Civil government is established by the Americans in 1901, and the capital moved to Lucena. The Americans quelled remaining rebellions led by Filipinos in Quezon, as the province served as a supply point for rebels in Batangas and Laguna. Marinduque became part of Tayabas between 1902 and 1920. In December 1941, the Japanese arrived in Quezon, and stayed until their surrender in 1945.
Quezon gains its current name after a law is passed to name it after Manuel Quezon in 1946. Aurora is carved out as a smaller province within Quezon, until it was separated officially in 1979. A referendum is held on the question of dividing the province into two in 2007, but has been defeated by a vast majority.
Quezon has a climate generally characterized by an almost equal distribution of rainfall through the year, but as the province is vast, there are variations, with western parts having a dry and wet season, and the eastern parts having a rainforest climate. The provinces gets struck by typhoons frequently, with the eastern parts the most vulnerable due to undeveloped infrastructure.
Quezon is quite conservative in politics, but is more so to the east of the Sierra Madre. This manifest in cultural differences between the more urbanized west (Pagbilao, Lucena, Tayabas Sariaya, Candelaria, Tiaong, and San Antonio), who are open to development, and the rural east, where locals strive to protect their traditional lifestyle reliant on fishing, agriculture and forestry.
Due to geographical barriers, lifestyle differences, and political preferences, inhabitants of Quezon have been increasingly polarized, and regionalism has increased, especially in the mountainous Bondoc Peninsula, where there is an active regionalist movement demanding the creation of their own province. A plebiscite to divide Quezon has been held in 2008, but is rejected by a sweeping majority of the province's residents.

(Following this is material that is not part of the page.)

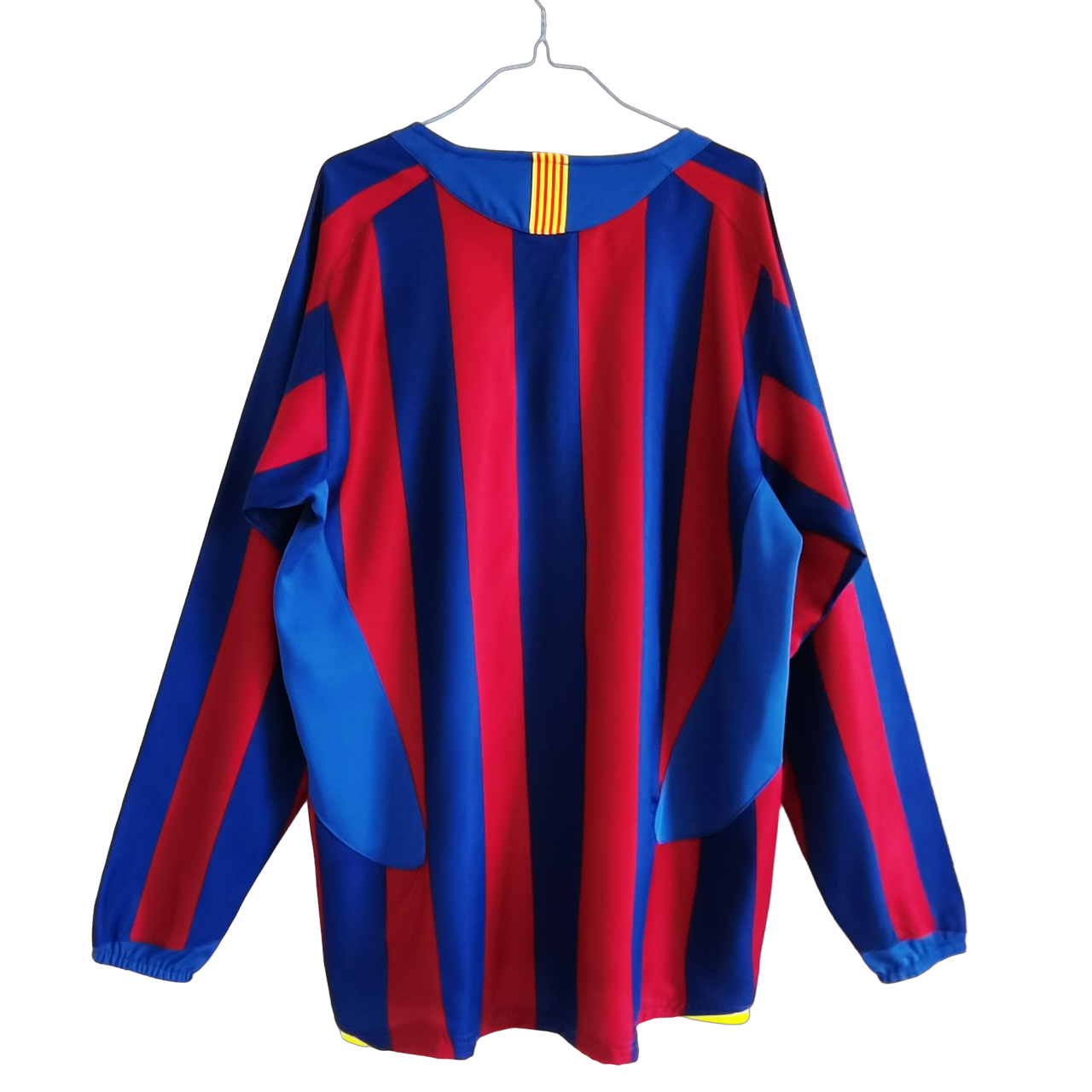 Camisa Barcelona Home Manga Longa 2005/06 Retrô Masculina Camisa Barcelona Home Manga Longa 2005/06 Retrô Masculina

As is common with the people of CALABARZON, Quezeños are staunch environmentalists. Major environmental challenges includes protecting the province's remaining rainforests, opposing construction of new fossil fuel power plants, and controling land development.
Quezon is regularly served by buses from Metro Manila and also Batangas City. Most bus traffic through Quezon are bound for Bicol, Eastern Visayas, and also, Mindanao. Some companies operate bus service that terminate in the province, terminating at Lucena.

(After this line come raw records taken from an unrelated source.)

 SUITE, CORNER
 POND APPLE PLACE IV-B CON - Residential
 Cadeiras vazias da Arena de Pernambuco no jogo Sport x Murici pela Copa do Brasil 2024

The Maharlika Highway (Manila South Road, or Route 1) passes through Quezon and serves as a major transport backbone. Most motor traffic in the province passed through Maharlika Highway, but it has been experiencing major bottlenecks in the most important towns, resulting to the construction of bypasses. Other entry points when travelling by car are the new Quezon Eco-Tourism Road (Route 422), the Batangas-Quezon Road (Route 435) and Pagsanjan-Lucban Road (Route 605).
The province is vast, and distances can be rather deceptive. With no expressways until the completion of an extension of the South Luzon Expressway (SLEX) to Lucena by 2022, travel by road can take long, as many major highways also serve as main streets of the towns they serve. That said, many large towns have bypass roads being built, which should shorten travel times a bit until the expressways open.
Northern Quezon (Infanta, Real, General Nakar) can be reached only from the rest of the province through eastern Laguna. There is a highway along the eastern coast, but is incomplete; as of 2020, the remainder of the route is still being built through difficult terrain at the Sierra Madre facing the Pacific.
There is frequent bus and jeepney service along Maharlika Highway. Many of the private bus lines plying that highway use modern air-conditioned intercity buses, but there are a few operators that utilize smaller and older vehicles, usually rebuilt trucks.
Boats and ferries connect Pollilo Island with the mainland; the same also applies to Alabat and Jomalig.